### RECORDS TO PROCESS
--- START ---

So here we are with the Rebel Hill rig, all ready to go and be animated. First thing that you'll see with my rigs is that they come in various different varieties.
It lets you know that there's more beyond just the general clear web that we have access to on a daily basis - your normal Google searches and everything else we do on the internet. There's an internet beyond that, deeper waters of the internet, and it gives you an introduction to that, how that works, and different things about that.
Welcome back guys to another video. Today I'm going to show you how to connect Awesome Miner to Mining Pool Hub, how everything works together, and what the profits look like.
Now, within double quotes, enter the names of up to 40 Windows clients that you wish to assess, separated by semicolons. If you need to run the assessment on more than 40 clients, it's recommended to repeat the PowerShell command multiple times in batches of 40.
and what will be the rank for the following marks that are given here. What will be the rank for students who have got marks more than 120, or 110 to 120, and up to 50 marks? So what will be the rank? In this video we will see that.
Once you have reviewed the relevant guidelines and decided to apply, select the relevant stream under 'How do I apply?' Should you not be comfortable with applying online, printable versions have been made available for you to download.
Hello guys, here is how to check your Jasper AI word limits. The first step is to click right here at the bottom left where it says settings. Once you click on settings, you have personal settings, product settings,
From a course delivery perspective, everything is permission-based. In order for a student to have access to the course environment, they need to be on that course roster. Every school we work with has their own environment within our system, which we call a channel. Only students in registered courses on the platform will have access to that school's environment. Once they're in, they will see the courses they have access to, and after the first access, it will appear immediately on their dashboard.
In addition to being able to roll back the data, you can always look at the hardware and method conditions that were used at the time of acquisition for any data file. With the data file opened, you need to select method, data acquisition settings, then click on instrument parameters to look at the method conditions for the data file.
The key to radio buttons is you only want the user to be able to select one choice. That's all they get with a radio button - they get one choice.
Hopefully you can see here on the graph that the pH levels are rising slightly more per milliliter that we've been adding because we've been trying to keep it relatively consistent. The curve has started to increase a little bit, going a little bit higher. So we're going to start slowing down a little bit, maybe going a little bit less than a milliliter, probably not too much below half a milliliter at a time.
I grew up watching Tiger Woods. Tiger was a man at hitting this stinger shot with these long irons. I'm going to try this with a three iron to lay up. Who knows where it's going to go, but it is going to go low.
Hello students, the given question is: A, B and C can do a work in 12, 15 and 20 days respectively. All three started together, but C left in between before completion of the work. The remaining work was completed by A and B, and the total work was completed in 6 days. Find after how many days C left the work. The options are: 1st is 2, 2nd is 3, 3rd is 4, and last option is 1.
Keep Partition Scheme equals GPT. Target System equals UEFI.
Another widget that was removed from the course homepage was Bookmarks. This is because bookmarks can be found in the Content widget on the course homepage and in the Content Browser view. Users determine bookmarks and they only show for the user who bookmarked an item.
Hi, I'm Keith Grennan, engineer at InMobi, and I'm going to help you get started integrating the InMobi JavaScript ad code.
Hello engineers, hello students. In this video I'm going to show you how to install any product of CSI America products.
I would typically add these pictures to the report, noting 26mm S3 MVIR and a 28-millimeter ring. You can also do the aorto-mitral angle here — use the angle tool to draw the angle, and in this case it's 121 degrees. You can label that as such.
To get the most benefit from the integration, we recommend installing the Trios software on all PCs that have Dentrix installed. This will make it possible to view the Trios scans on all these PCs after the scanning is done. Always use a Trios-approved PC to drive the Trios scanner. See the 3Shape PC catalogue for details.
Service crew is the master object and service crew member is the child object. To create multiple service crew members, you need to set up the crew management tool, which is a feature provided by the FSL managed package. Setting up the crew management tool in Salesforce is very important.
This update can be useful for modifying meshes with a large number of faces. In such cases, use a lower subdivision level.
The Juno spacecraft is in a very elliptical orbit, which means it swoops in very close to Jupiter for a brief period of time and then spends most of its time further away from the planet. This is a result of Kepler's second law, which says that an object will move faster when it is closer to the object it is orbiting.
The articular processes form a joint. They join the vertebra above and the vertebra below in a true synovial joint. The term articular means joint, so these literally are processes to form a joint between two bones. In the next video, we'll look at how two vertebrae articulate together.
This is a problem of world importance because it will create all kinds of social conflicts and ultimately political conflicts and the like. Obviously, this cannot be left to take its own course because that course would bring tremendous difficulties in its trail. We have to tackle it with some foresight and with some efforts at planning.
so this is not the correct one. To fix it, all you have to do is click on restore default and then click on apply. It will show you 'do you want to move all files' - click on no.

--- END ---

### WHAT THE TASK REQUIRES
Wherever the string "user" turns up in the material, copy the whole line.

### RESPONSE FOR THIS EXERCISE
The key to radio buttons is you only want the user to be able to select one choice. That's all they get with a radio button - they get one choice.
Another widget that was removed from the course homepage was Bookmarks. This is because bookmarks can be found in the Content widget on the course homepage and in the Content Browser view. Users determine bookmarks and they only show for the user who bookmarked an item.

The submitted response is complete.